The Nationalist Party is engaged in yet another marathon session this evening, with the party’s parliamentary group expected to go long into the night in a bid to work itself out of an impasse it has reached between the party’s leadership and it MPs.
Most Nationalist Party MPs entered the party headquarters directly without taking questions from the press, while Opposition Leader Adrian Delia and MP Karol Aquilina answered the media's questions before entering.
The MPs, particularly party Adrian Delia, were welcomed to applause and pro-Delia chants from the 100-odd supporters as they entered the building.
The Nationalist Party parliamentary met day after a heated discussion of the party’s executive committee meeting led to the resignation of Pierre Portelli from the post of chairman of the party media.
Delia was expected to speak about Portelli's resignation during the meeting with MPs.
The Opposition Leader was also expected to present a plan on the way forward to the MPs, most of whom last week spoke against him in two lengthy meetings on Monday and Tuesday.

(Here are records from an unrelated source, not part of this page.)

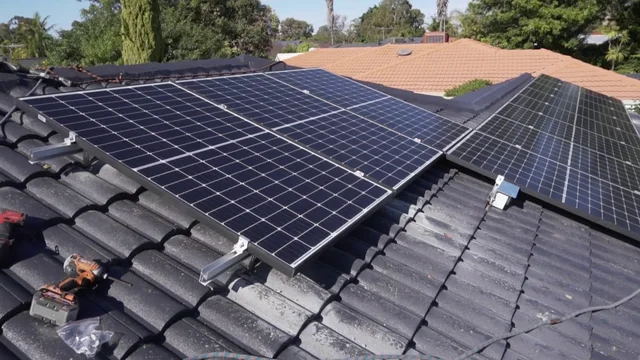 Easy Solar cover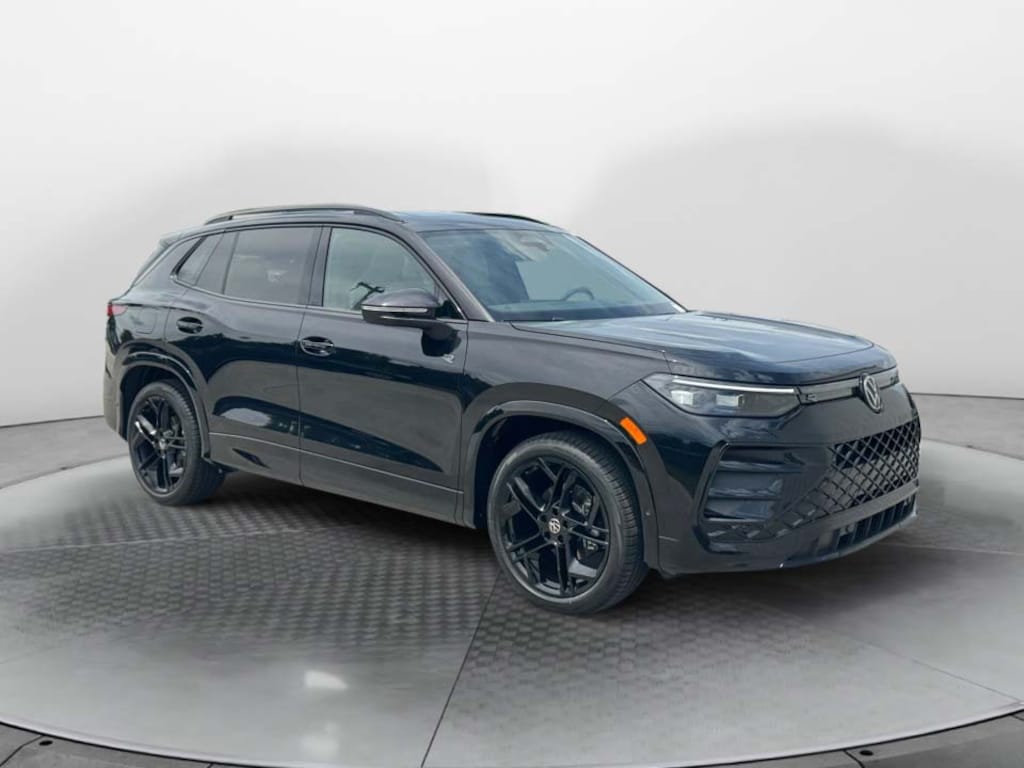 New 2026 Volkswagen Tiguan SE R-Line Black SUV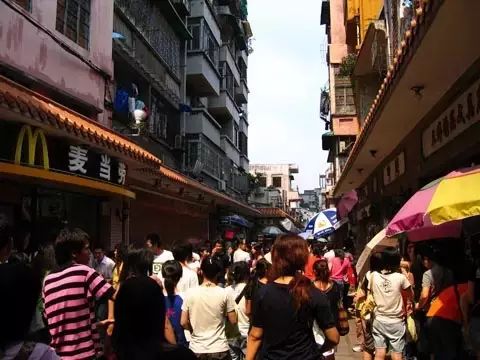 状元坊人多的时候,状元坊群雄逐鹿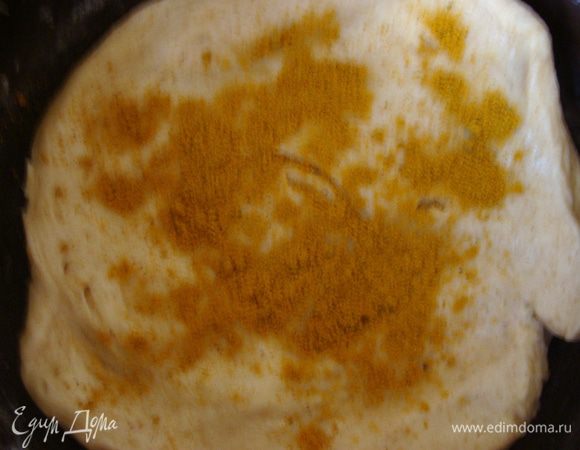 Последнюю часть смешать с куркумой и 1 с/л масла, может капелькой воды. Все части должны получиться одной консистенции. Поставить все части теста в теплое место, накрыть полотенцем или пленкой и дать подойти примерно 1 час.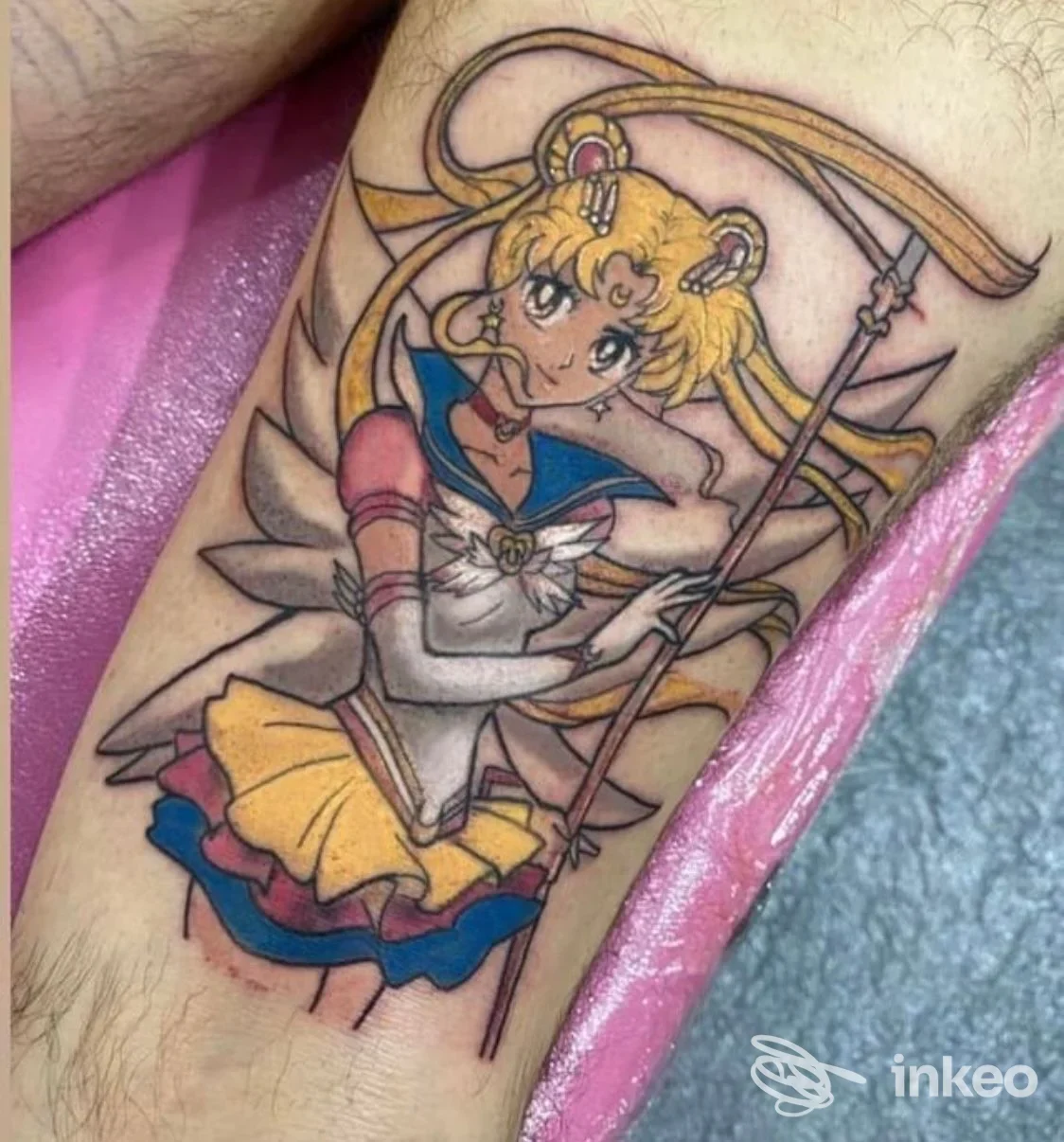 Tatuaggio a colori di Sailor Moon sul polpaccio, fotografato nello studio AdamantioTattoo&Piercing a Piacenza.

The party faction which has been consistently against Delia’s leadership from before his election last week vehemently demanded that someone to shoulder responsibility for the situation the party finds itself in, particularly since losing heavily at the last European Parliament and local council elections polls last month. They said that “someone has to go”.
Portelli was thought by many to be Delia's right-hand man, with a role that went beyond his official description as head of the party's media.
In his resignation letter he said that in spite of the work carried out, "It is evidently clear that persevering in my role will not bring further changes due to the constant and coordinated attacks on the party and its media by some of your MPs within the parliamentary group who went as far as sustaining and aiding criminal activity by third party simply to get you out of the way."
Whether the resignation of Portelli has sated those MPs baying for blood remains to be seen, but it is unlikely that any wounds which have opened in the last two years or so can heal in a short time.
The meeting began at 7pm.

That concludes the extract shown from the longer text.